If a prospective President Biden is to get legislation passed, almost everything will have to go through Senate Majority Leader Mitch McConnell, the wily, oft-smirking Kentucky politician who proved a masterful thwarter of Barack Obama’s agenda and ready enabler of much of Trump’s. Biden may not face total gridlock, but liberal hopes for major progress on climate action, health care and more will be dashed for at least another two years, when the next one-third batch of Senate seats go up for election.
Turning the Senate blue was always going to be trickier than toppling Trump. The Democrats entered the election with 47 senators (including two allied independents, including Bernie Sanders) to the Republicans’ 53. So getting to even a 50-50 tie that the vice-president—Kamala Harris in the event of a Biden victory—would break would have required three flips. Make that four, as Senator Doug Jones, a Democrat who’d held a seat for Alabama, predictably lost by a lot. (The Democrat in Michigan hung on as Biden’s vote surged on the second day of counting, though Sen. Gary Peters’s margin was tighter.)
Senate candidates rode strong Biden showings to overtake Republicans in Colorado and Arizona, but that’s where the good news ended for the Democrats: with a net gain of one seat. Trump’s electoral resilience helped retain competitive seats in Iowa, Montana and those blue-wave dream pickups like Texas, Alaska and Kansas never came to pass. North Carolina’s Thom Tillis, a Republican, seems likely to win over a rival plagued by a sex scandal. Which means—and this is a rarely heard phrase in the U.S. political conversation—it all comes down the Georgia.
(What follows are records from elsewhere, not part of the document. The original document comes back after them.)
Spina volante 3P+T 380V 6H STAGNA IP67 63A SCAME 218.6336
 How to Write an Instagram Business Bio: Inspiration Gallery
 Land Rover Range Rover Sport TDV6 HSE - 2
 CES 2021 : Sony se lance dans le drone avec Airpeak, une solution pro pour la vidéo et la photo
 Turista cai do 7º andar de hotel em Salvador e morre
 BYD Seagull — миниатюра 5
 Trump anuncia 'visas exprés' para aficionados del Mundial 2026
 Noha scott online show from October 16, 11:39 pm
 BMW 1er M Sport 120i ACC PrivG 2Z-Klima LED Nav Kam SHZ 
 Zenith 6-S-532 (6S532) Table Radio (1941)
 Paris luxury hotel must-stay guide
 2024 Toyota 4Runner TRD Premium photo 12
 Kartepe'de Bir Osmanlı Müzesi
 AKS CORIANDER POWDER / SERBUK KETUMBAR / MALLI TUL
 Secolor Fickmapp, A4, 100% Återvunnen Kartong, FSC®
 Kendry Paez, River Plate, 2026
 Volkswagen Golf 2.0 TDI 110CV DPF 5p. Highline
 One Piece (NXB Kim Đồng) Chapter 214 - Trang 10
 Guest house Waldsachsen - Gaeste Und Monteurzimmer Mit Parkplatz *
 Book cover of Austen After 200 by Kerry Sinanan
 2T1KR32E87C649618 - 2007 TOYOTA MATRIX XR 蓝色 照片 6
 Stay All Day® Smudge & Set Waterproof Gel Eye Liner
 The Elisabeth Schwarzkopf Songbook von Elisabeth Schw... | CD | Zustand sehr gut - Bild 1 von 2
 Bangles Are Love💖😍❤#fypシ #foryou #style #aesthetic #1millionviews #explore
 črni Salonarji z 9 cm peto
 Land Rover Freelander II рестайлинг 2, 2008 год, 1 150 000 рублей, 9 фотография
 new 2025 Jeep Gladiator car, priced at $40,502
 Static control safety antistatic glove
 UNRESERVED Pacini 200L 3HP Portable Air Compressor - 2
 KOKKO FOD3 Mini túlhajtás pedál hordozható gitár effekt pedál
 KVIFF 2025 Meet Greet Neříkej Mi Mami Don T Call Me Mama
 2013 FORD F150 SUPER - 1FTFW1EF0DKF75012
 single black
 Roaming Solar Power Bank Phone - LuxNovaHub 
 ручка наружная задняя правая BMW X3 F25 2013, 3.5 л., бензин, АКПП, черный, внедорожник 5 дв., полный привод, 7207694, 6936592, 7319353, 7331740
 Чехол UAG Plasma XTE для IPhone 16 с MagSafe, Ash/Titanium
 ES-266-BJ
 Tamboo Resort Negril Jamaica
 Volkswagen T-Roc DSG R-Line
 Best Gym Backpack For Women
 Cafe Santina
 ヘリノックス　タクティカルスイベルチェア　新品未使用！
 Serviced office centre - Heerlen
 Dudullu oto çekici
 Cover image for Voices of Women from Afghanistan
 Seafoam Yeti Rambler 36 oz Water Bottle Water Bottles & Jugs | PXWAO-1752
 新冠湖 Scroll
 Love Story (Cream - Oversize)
No candidates got clear majorities in either of the state’s two Senate races, so they’ll go to runoffs in January. Turn both of them blue, and the Senate balance is at 50-50. But Democrats underperformed Biden in both races and in a special vote, likely with a lower-turnout, voters might want the upper house to be a conservative check on Biden.
This means a President Biden will probably have to live with a 52-48 or 51-49 Republican edge. Divided government, it’s called in the United States—and it’s been the norm for most of the past 40 years. The only times the White House, Senate and Congress were all with the same party since 1980 was a four-year stint in the middle of George W. Bush’s presidency, and the first couple years in the White House for Trump and for Democrats Obama and Bill Clinton.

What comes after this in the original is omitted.